If hydropower defined when prices moved in January, nuclear power defined how far they could move on average. Nuclear generation acted as the region’s most important structural price anchor, providing constant baseload that dampened fuel-driven volatility and enabled sustained exports even during winter stress. Its role was not visible through dramatic price spikes, but through what did not happen: prolonged scarcity driven by fuel shortages or baseload inadequacy.
South-East Europe’s nuclear footprint is concentrated but systemically powerful. Bulgaria’s Kozloduy Nuclear Power Plant and Romania’s nuclear fleet together provide roughly 4 GW of stable baseload capacity, operating with high availability and predictable output. During January, these units ran close to full load, anchoring national balances and allowing surrounding systems to arbitrage against a relatively low and stable marginal cost.
Bulgaria’s nuclear output was a key reason the country remained a net exporter during large parts of January. Despite elevated regional power prices, Bulgaria was able to supply significant volumes northbound, particularly into Romania, where more than 400 GWh flowed from Bulgaria to Romania through the month. This export capability materially shaped OPCOM price formation. Without nuclear-backed exports, Romanian peak prices would likely have cleared even higher, especially during evening ramps when domestic flexibility tightened.

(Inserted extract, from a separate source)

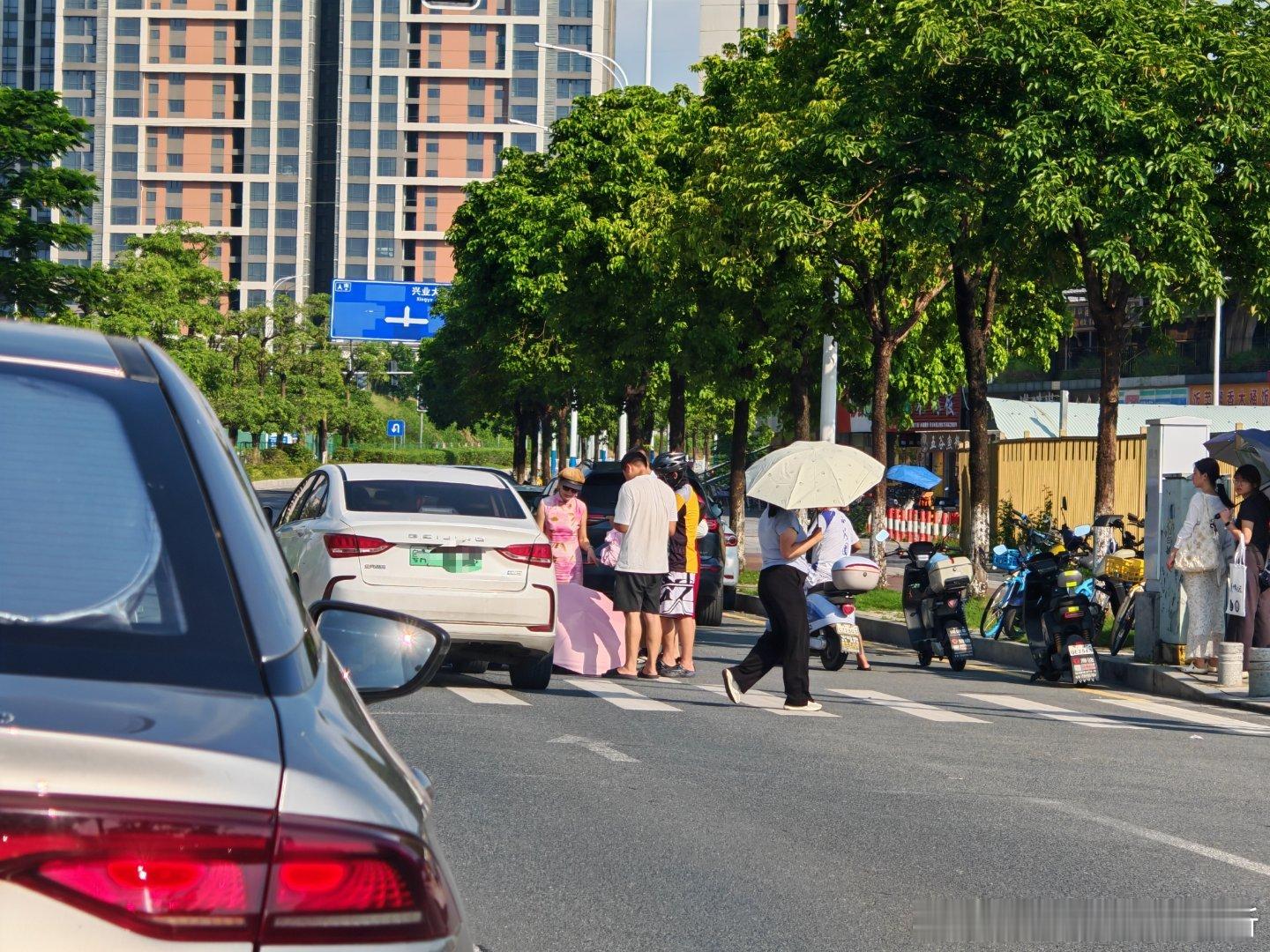 就在我们公司外面的路口，我已经亲眼见到过三次严重的电动车事故。电动车的灵活性高，
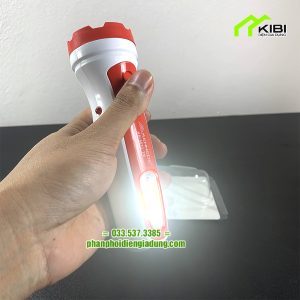 Đèn cầm tay KN 4511 kiều dáng gọn nhẹ, tích hợp 2 bóng led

Nuclear’s influence differs fundamentally from hydro’s. Where hydro responds dynamically to price signals, nuclear suppresses the baseline upon which those signals act. Bulgaria’s nuclear generation ensured that a large portion of the regional demand curve was met at a cost well below marginal gas or scarcity pricing, even as TTF gas traded in the €28–34/MWh range. This meant that gas-to-power units were often not the marginal price setter, particularly during off-peak and shoulder hours.
Romania illustrates the same effect from a different angle. Despite having domestic gas production and hydro resources, Romania’s nuclear output was essential in maintaining system adequacy during January. Yet OPCOM still cleared at the region’s highest averages. This apparent contradiction highlights nuclear’s true role: it stabilises volumes and reduces volatility, but it does not eliminate price premia caused by congestion, flexibility shortages, or regional import dependence. Nuclear flattens the lower half of the supply curve; it does not address the upper tail created by ramping constraints.
In Croatia and Slovenia, the Krško nuclear plant plays a similar anchoring role, albeit indirectly through shared ownership and imports. While Croatia lacks domestic nuclear generation beyond its share of Krško, the plant’s steady output reduces the region’s reliance on gas-fired baseload and moderates average prices during non-peak hours. This helps explain why Croatia’s baseload averages, while high, did not drift further upward despite frequent peak stress.
Crucially, nuclear also shaped market confidence. Unlike gas or hydro, nuclear availability is largely immune to short-term weather risk. In January, this reliability reduced the risk premium embedded in forward and spot prices. Market participants could assume that a substantial portion of regional demand would be met regardless of wind lulls, cold snaps, or import congestion. That assumption limits the escalation of sustained scarcity pricing, even when individual hours clear at extreme levels.
From a trading and system-planning perspective, nuclear’s January contribution was therefore structural rather than opportunistic. It reduced the frequency of system-wide emergencies, enabled consistent cross-border exports, and kept gas from becoming the dominant price driver. The fact that SEE power prices spiked without a corresponding gas price shock is itself evidence of nuclear’s stabilising role: fuel scarcity was not the trigger; flexibility scarcity was.
For systems without nuclear access, January reinforced a structural disadvantage. Montenegro and, to a lesser extent, Serbia and Croatia faced higher exposure to volatility because they relied on imports from nuclear-backed systems rather than owning the anchor themselves. This asymmetry will only grow as electrification increases demand for stable baseload.
January demonstrates that nuclear power in South-East Europe is not merely a legacy asset. It is the foundation upon which market stability rests. While hydro determines the shape of prices and gas influences marginal economics at the edges, nuclear defines the floor. As long as nuclear availability remains high, SEE markets will experience sharp spikes but avoid prolonged crises. Remove that anchor, and the same January conditions would have produced not just volatility, but systemic stress.